A invasão do capitólio e as eleições no Brasil

Encontra-se a democracia numa sala de emergência. Assim como nos hospitais, a racionalidade se preserva se forem seguidas as regras, as evidências e as ações pautadas na devida justificação.

Recentemente, na condenável invasão do Capitólio norte-americano, o que ocorreu foi nitidamente o oposto: 1) a não aceitação do resultado eleitoral em eleição normal e legítima; 2) a incitação à usurpação de outro poder; 3) violência e mortes. Relevante observar o evento reprovável pela perspectiva inversa, daquilo que poderia ter acontecido e não ocorreu: não prosperou a violação da ordem jurídica democrática com um golpe de Estado, e isso por três razões fundamentais: as Forças Armadas e de segurança se mantiveram em suas funções; a reação protetiva da democracia das lideranças políticas e da sociedade foi enfática; e a comunidade internacional repudiou a tentativa de golpe.

O arbítrio não é um léxico fora de moda. O Brasil está sob a ameaça de repetir a nociva experiência e fazê-lo de modo agravado. Cumpre vigiar e proteger a democracia brasileira. Impende defender o sistema eleitoral. As eleições em 2022 serão o mais duro teste para a democracia após 1988.

Sabe-se que toda eleição, por si só, é um desafio, pois se trata da maior mobilização da sociedade em tempos de paz.
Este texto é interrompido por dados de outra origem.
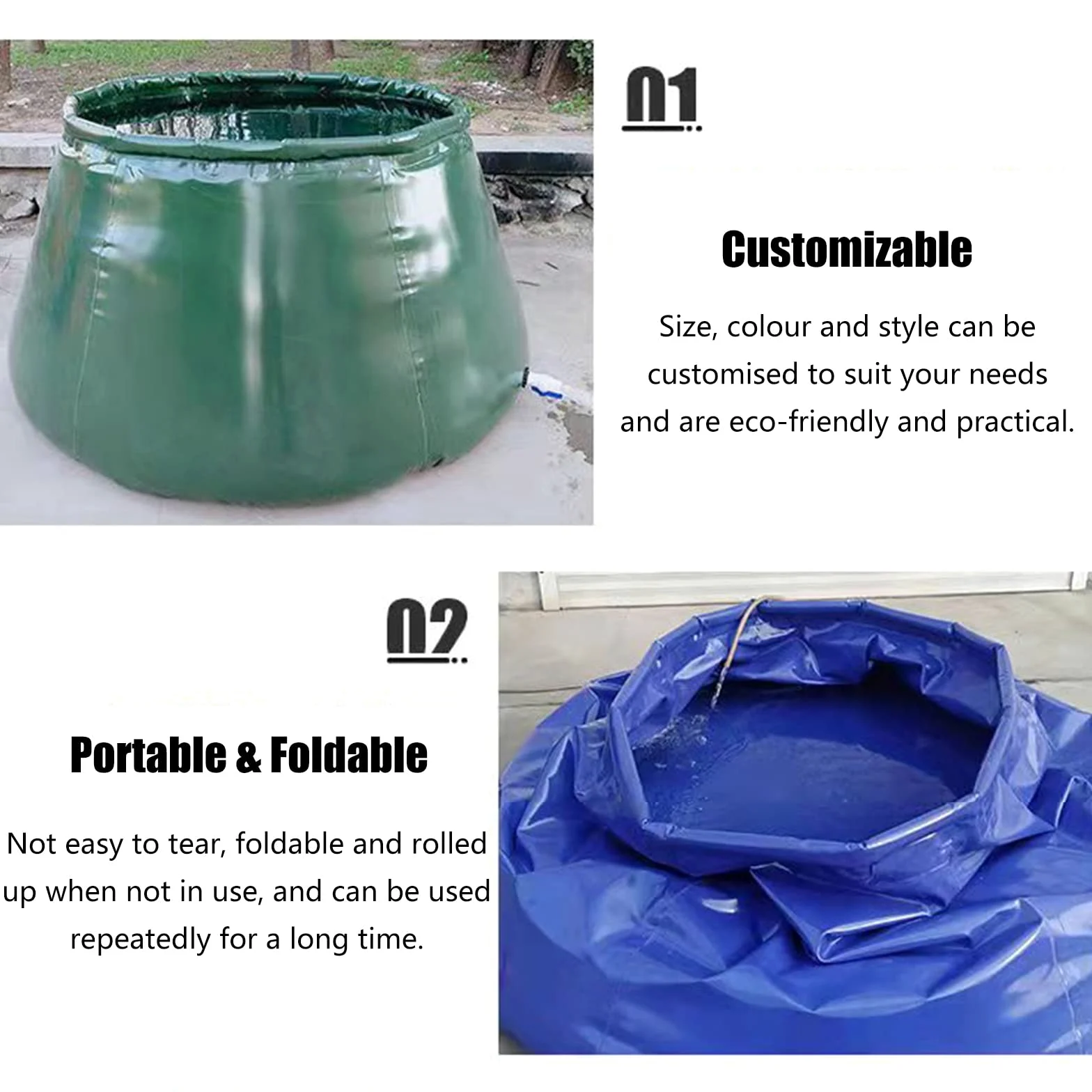 Bolsa de almacenamiento de agua al aire libre, colector de agua de lluvia de gran capacidad para jardinería, solución de agua potable de emergencia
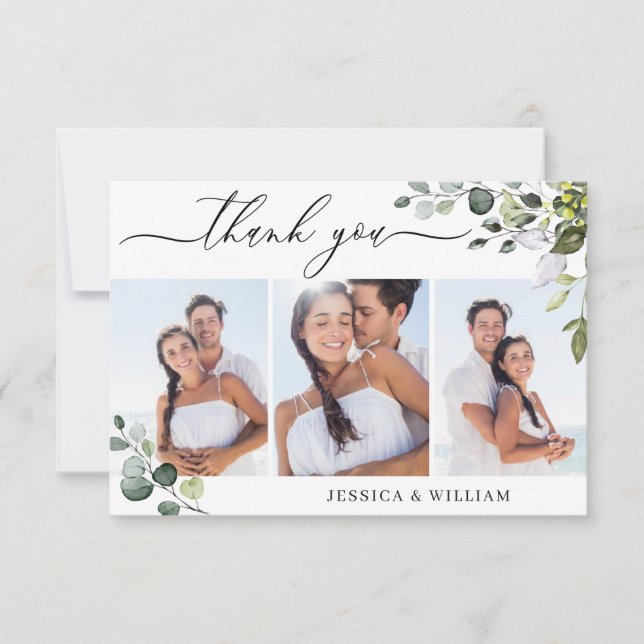 Tarjeta De Agradecimiento Elegante Eucalyptus Greenery 3 Boda FOTO (Anverso)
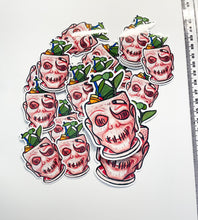 Load image into Gallery viewer, Trader Sams Zombie tiki Mug vinyl laminated sticker, weather proof,  and water resistant! Magical fan art style shrunken head tiki mug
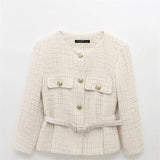 Textured Long-Sleeved Round-Neck Casual Suit Jacket 2025 Spring Temperament Button Trim Jacket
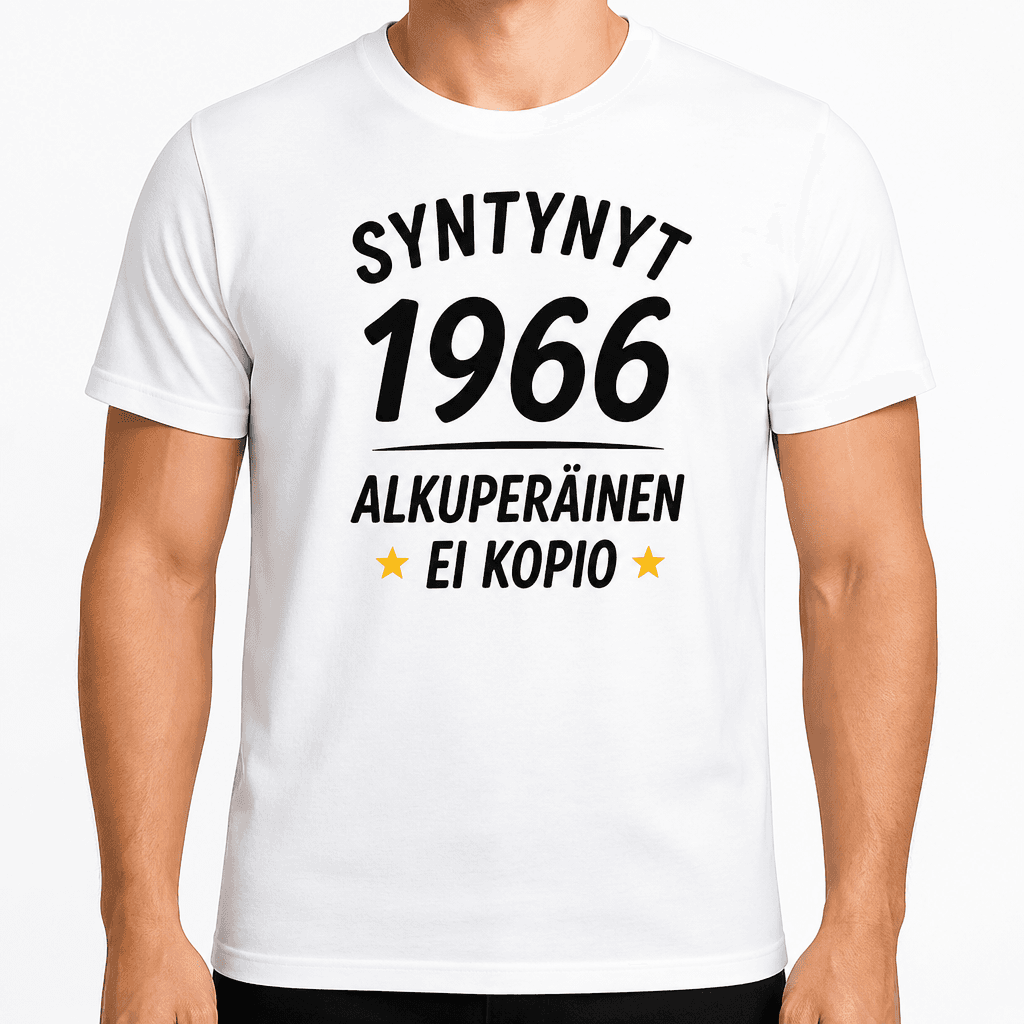 T-paita 60-vuotiaalle – Syntynyt 1966 alkuperäinen ei kopio
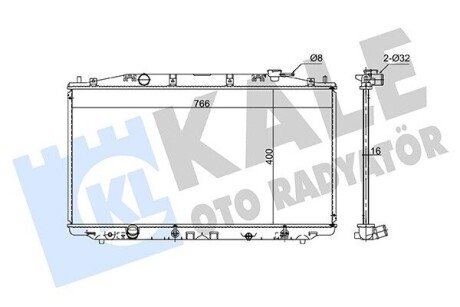 KALE HONDA Радіатор охолодження двиг. (версія built-in oil cooler) ACCORD IX 2.4 14-, ACCORD VIII 2.4 08- KALE OTO RADYATOR 361915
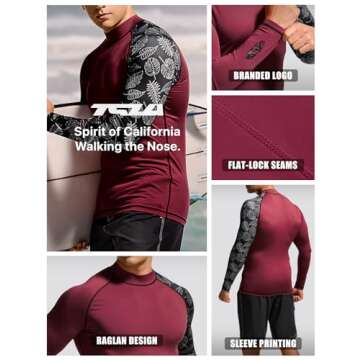 TSLA Men's UPF 50+ Long Sleeve Rash Guard, UV/SPF Quick Dry Swim Shirt, Water Surf Swimming Shirts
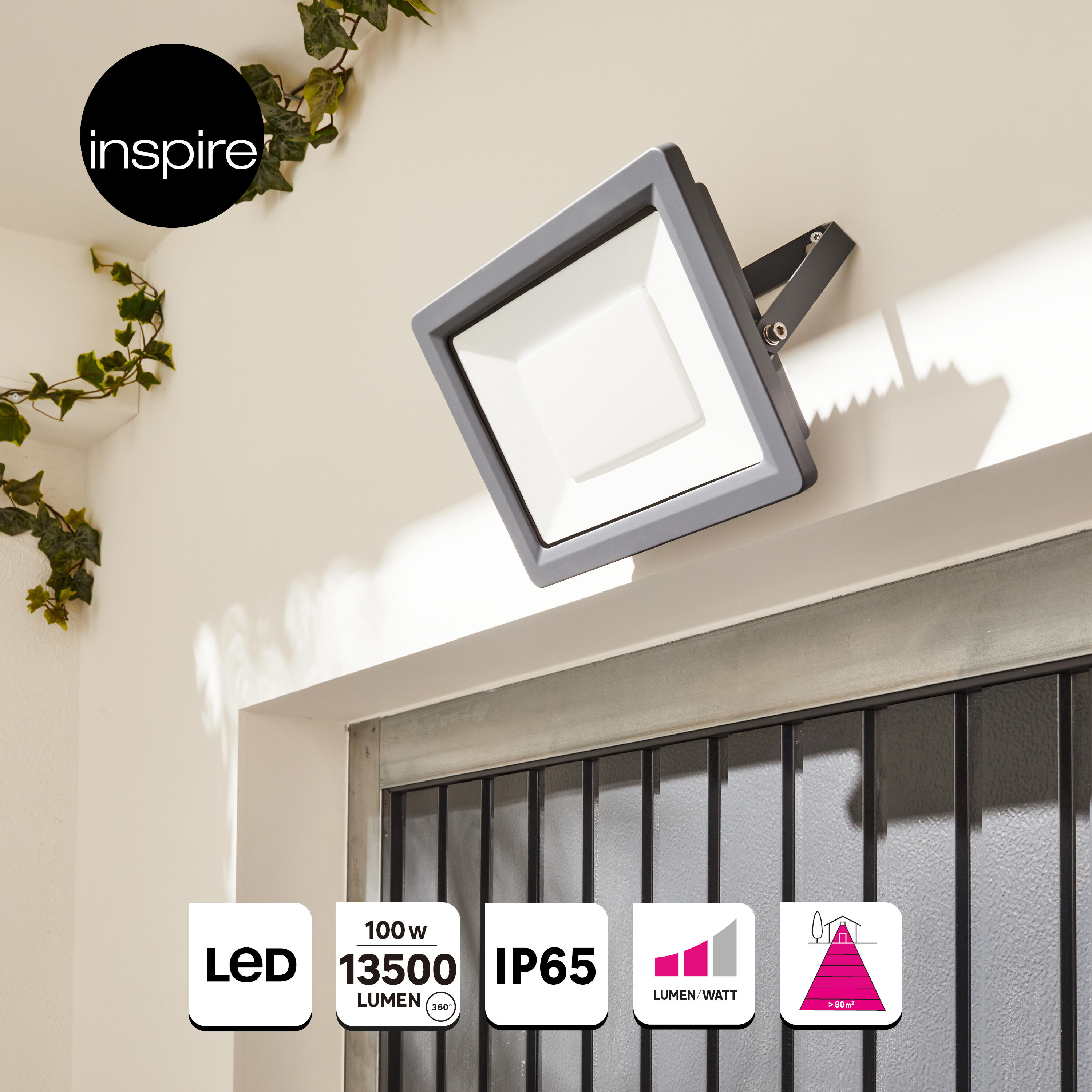 Projecteur extérieur LED, 13500 Lm anthracite Yonkers INSPIRE - 2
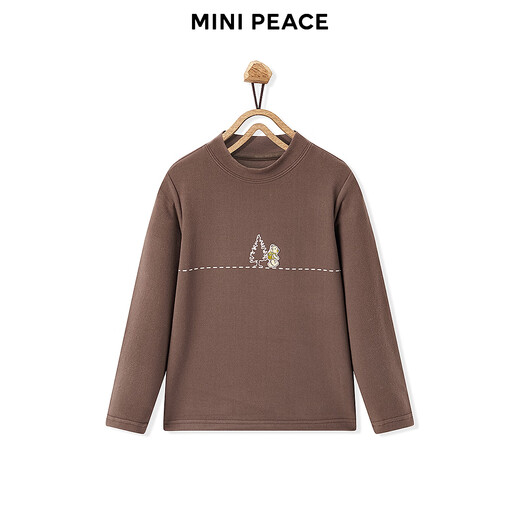 MiniPeace children's clothing winter new boys' long-sleeved T-shirt F1CPF4442 Cambridge Brown 110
Organizar o processo eleitoral e garantir eleições livres e competitivas exige um enorme esforço logístico. 

Obviamente que toda eleição guarda suas singularidades, na medida em que é muito sensível às disputas políticas. A polarização que guiou as eleições de 2018 ainda se faz presente e onde ela germina dificilmente se colhe entendimento, respeito pelo opositor e tolerância. 

Em 2022 é possível que tenha sido controlada a pandemia, sendo para tanto imprescindível a universalização gratuita da vacina, e as eleições serão realizadas em um clima de normalidade. 

A exigência da imparcialidade, simbolizada pela veste da toga, também impõe à magistratura eleitoral zelar pelo sistema eleitoral contra as ilicitudes de mentes autoritárias que propagam ruínas e disseminam confusões propositais. Até mesmo nas refinadas esferas do pensamento há quem embanane a herança de Jânio Quadros com o legado de Rui Barbosa, misturando, na curta sombra do anoitecer, gatos e lebres.

Ao sinal do que aconteceu no Capitólio, o Brasil tem uma tarefa a cumprir. Desse encargo o futuro da democracia brasileira nos dirá. E será em breve.  O câncer do autoritarismo mata. Sem democracia não há liberdade, nem garantias individuais ou racionalidade coletiva, muito menos segurança jurídica. É da democracia que deve emergir o vírus contra o arbítrio, e não do autoritarismo com verniz de populismo político.